A context window is the fixed amount of text a model can hold in mind at one time. It is measured in tokens — the small chunks of text a model reads — and it sets a hard ceiling on how much a model can take in and reason over in a single pass. Everything the model needs for an answer, the question, the instructions, and any source material, has to fit inside that window together.
Why long documents overflow it
Context windows have grown, but they are still finite, and real documents are large. A single contract, research paper, or wiki export can run to hundreds of pages — far more tokens than even a generous window holds. When the text won't fit, something has to give: it gets truncated, or it never makes it in at all.
Truncation is quietly dangerous. A model handed only the first half of a document will answer as if that's the whole story, with no signal that the rest existed. The answer reads as confident and complete, which is exactly how hallucinations take hold.
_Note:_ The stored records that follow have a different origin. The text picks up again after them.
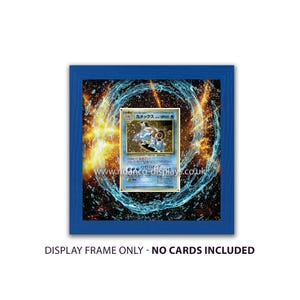 May include: A square blue display frame featuring a central Japanese Blastoise trading card surrounded by a circular water splash graphic against a dark background with orange light bursts. The text DISPLAY FRAME ONLY - NO CARDS INCLUDED is visible.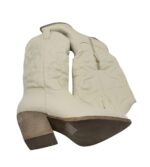 Cizme dama 37, imitatie de piele, crem - imagine 4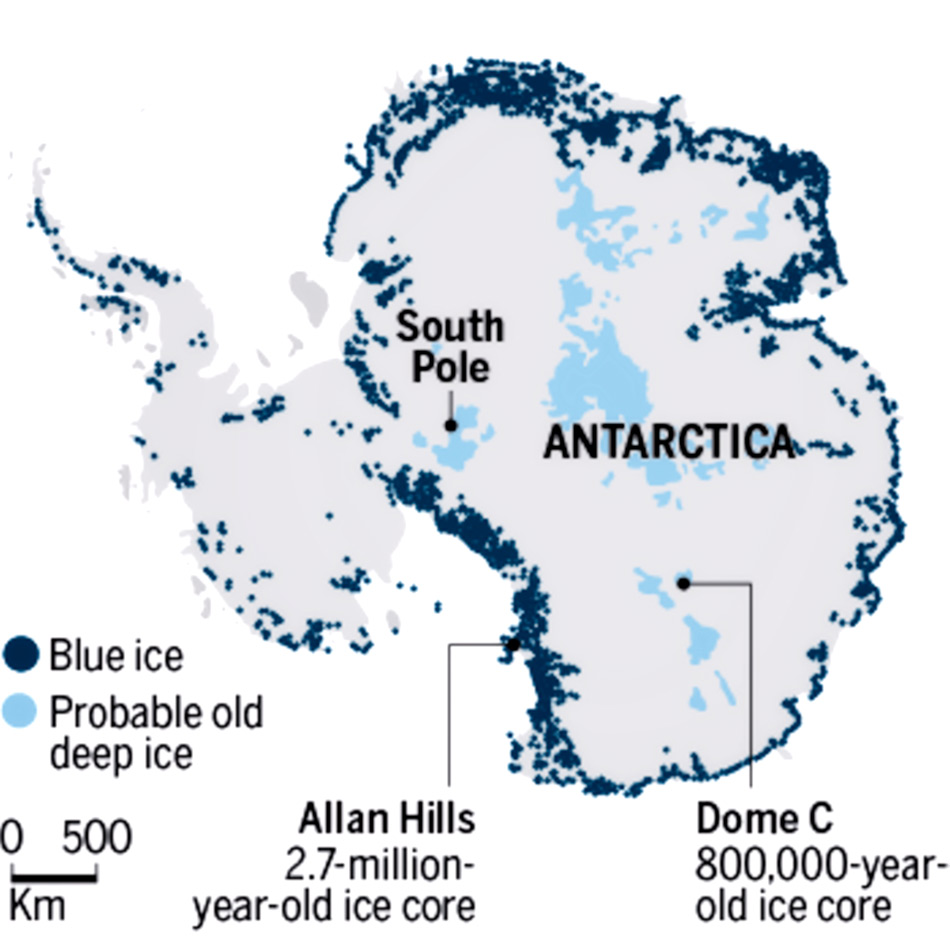Die Karte zeigt Gebiete, wo blaues Eis in der Antarktis liegt. Nur rund 1% des Kontinents weist solche Gebiete auf. Karte: Norwegian Polar Institute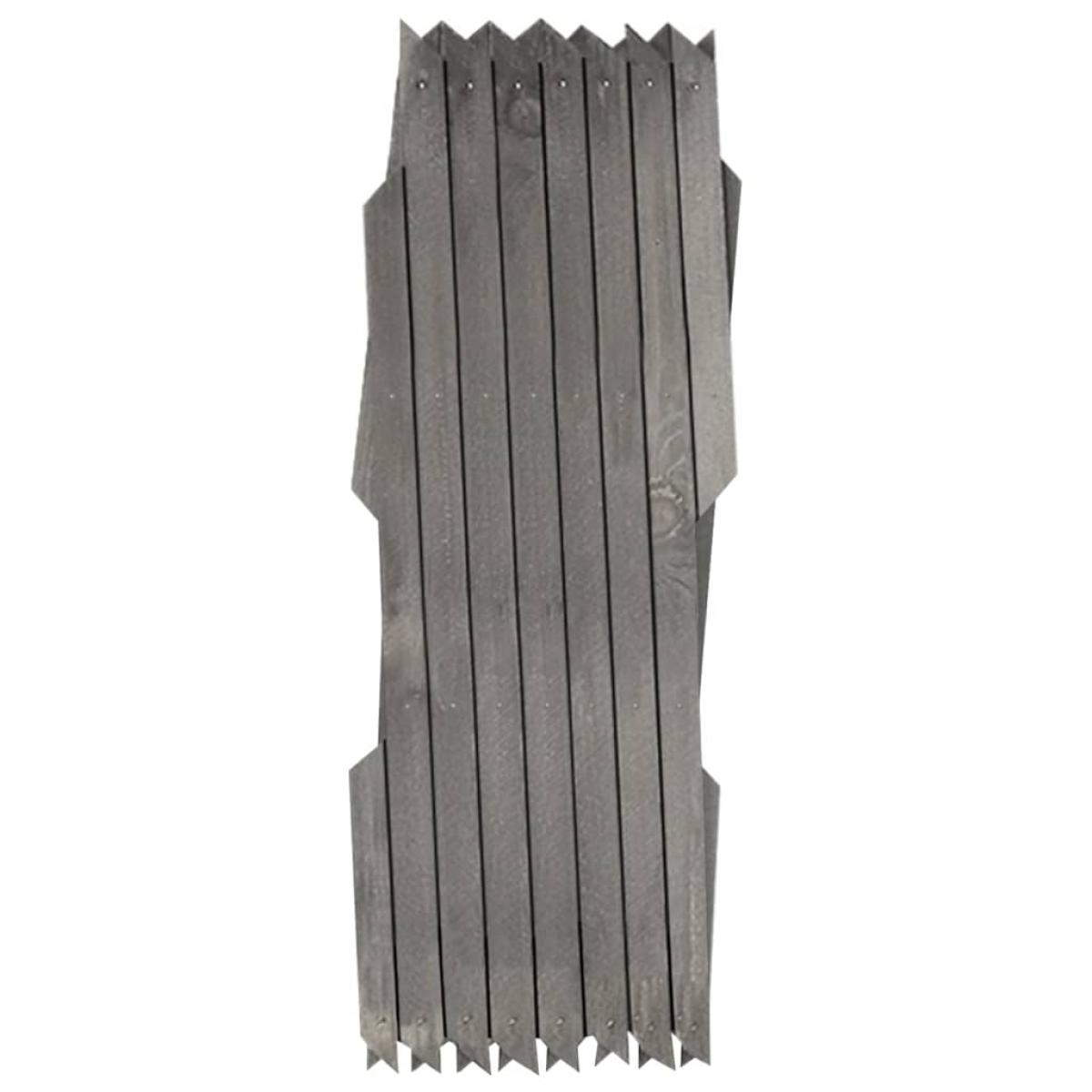 Vallas enrejado 5 uds madera maciza de abeto gris 180x30 cm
Simply pasting an entire library into one prompt is not a real fix either — past a point, models attend less reliably to the middle of a very long window, so relevant detail can be present yet effectively overlooked.
Feeding in only what matters
The durable approach is to stop trying to fit everything. A document is split into passage-sized pieces through chunking, and each piece is indexed so it can be found later by meaning rather than keyword via semantic search. When a question arrives, only the handful of passages that actually bear on it are retrieved and placed in the window — the pattern known as retrieval-augmented generation.
This keeps the window focused: the model sees the most relevant evidence at full fidelity instead of a thin slice of everything. It is how Sidenote reads documents far larger than any single window — pulling the passages that matter into context, then grounding and citing each answer in the exact text it was given.